Financial inclusion is a favourite mantra with governments these days, but for T. Vijay Kumar it’s much more than that. Kumar is the CEO of the Society for Elimination of Rural Poverty (SERP) in Andhra Pradesh, an autonomous society registered under the Societies Act to implement a World Bank-supported project, which has the state Chief Minister as the Chairperson.The programme was started in December 2006. In the first year of operations, it was implemented in 323 villages, with disbursements to the tune of Rs 174 crore. By end-March 2008 (by which time the second year would be completed), SERP intends to reach out to 3,000 villages, and disburse Rs 1,800 crore to some 3 lakh families (typically each village has about 100 to 120 families). As of February 2008, the society had reached out to 2,185 villages, and disbursed Rs 1,155 crore. “Our aim is to add 8,000 villages each year from next year (and disburse Rs 6,500 crore each year) to cover all villages in Andhra (around 27,000) in the next three years (that is by 2011). This will involve mobilising around Rs 20,000 crore from the banks for the SHGs under the total financial inclusion model. But how does this become sustainable? “It is simple economics.
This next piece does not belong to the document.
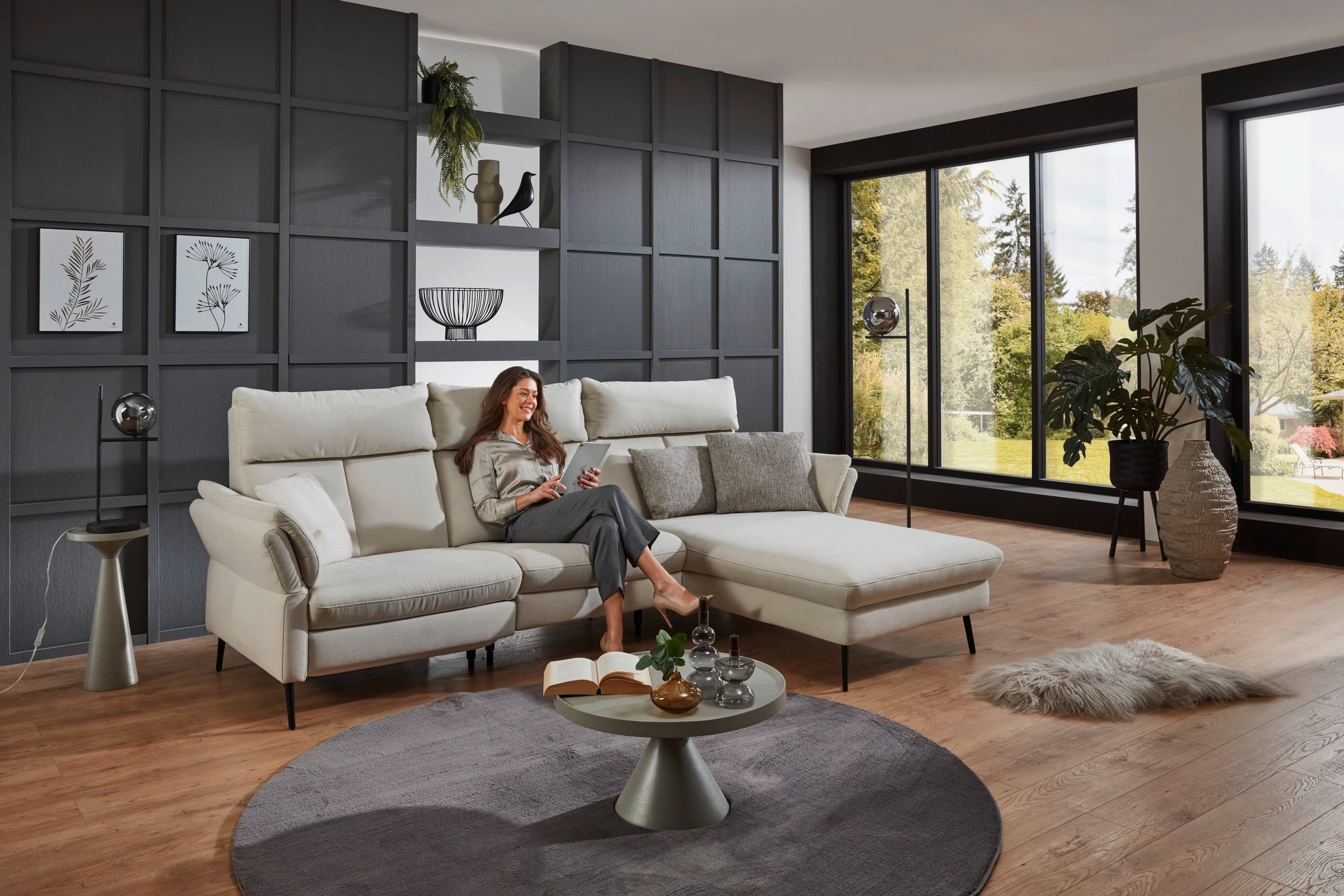 Ecksofa in Creme mit Kopfstützen und Longchair in einem Wohnzimmer mit dunkler Regalwand und großen Fenstern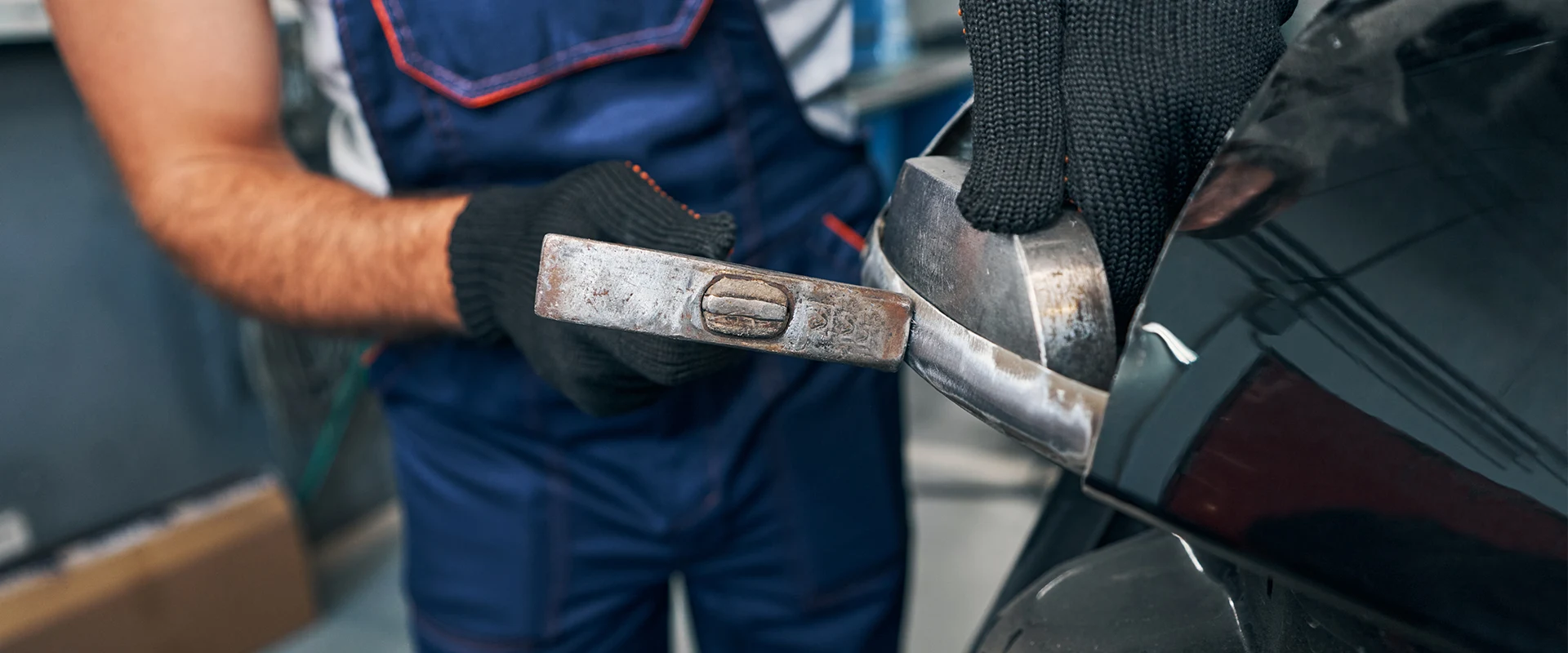5 corners Isuzu Truck technician working on vehicle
The person who was bleeding earlier paying annual interest rates of 60-100 per cent in urban areas and between 36 and 60 per cent in rural areas has got down to paying just 3 per cent per annum under the interest subsidy scheme of the state government in Andhra Pradesh,” says Kumar. This, he adds, not only helps him to pay back high-cost debt but also unleash entrepreneurial abilities.
In his recent Budget speech, Finance Minister P. Chidambaram said that banks will be encouraged to embrace the concept of total financial inclusion. Kumar points out that other states, including Tamil Nadu, Orissa and Bihar, are keen to follow the SERP model.